Oyun oynayan çocuklar
Costa Gavras’ın İstanbul Film Festivali’nde gösterilen yeni
filmi “Le Capital”, 2007 yılında ABD’de mortgage krizi olarak başlayan ve
hızlıca dünya çapında bir bunalıma dönüşen sürecin ardından izlediğimiz,
küresel kapitalizm eleştirilerinin taze örneklerinden birisi. Gavras,
Cronenberg’in Cosmopolis’te bir
limuzinin arka koltuğuna sıkıştırarak anlattığı global finans
düzenbazlıklarını, muhtemelen çok daha fazla para harcayıp, setini 3 kıtaya
taşımaktan çekinmeyerek ortaya koymuş. Her iki filmin, aynı başlığı taşıyan
kitaplardan uyarlandığını da not düşelim.

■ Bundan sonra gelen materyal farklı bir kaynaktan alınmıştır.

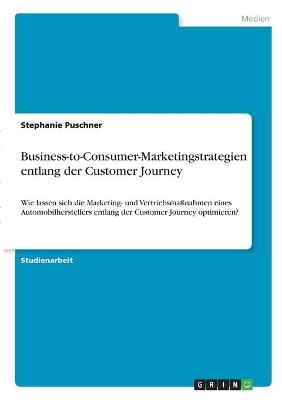 Business-to-Consumer-Marketingstrategien entlang der Customer Journey - Stephanie Puschner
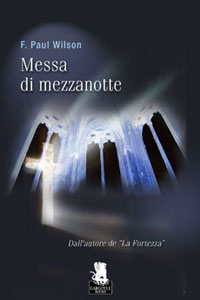 Clicca per leggere la scheda editoriale di Messa di mezzanotte di F. Paul Wilson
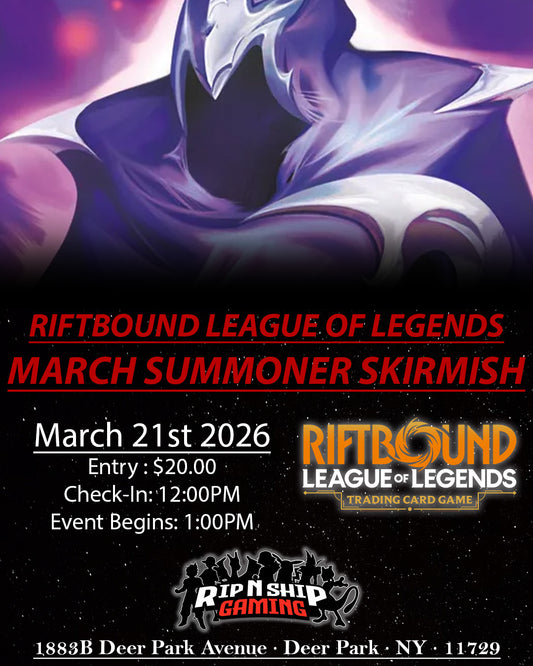 March 21st 2026 - Riftbound: League of Legends - Summoner Skirmish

Filmin baş karakteri, finans piyasalarının dünya
sosyolojisine armağanı bir insan tipi olan, dudak uçuklatıcı paralar kazanan
yeni yönetici sınıfın, ya da bir başka deyişle CEO’lar ve türevlerinin bir
emsali. Sermaye sahipleri tarafından güvenilir addedilen bir teknokratın taşıması
gereken her türlü özellik, iyi eğitim, düzenli bir aile yaşantısı,
işkoliklikten muzdariplik, ne ararsanız var Marc Tourneuil (Gad Elmaleh)de.
Hissedarlar tarafından kolay idare edilebileceği inancıyla bankanın Yönetim
Kurulu Başkanlığı’na getirilmesinden sonra, kendi planını uygulamaya
koyuyor. İzleyici, bir noktada, sempatik
eşinin üniversiteye dönmesi yolundaki telkinlerine uyacağını ve içinde ukde
olan kitapları yazmaya başlayacağını düşünse de, Gavras bu yolu takip etmiyor.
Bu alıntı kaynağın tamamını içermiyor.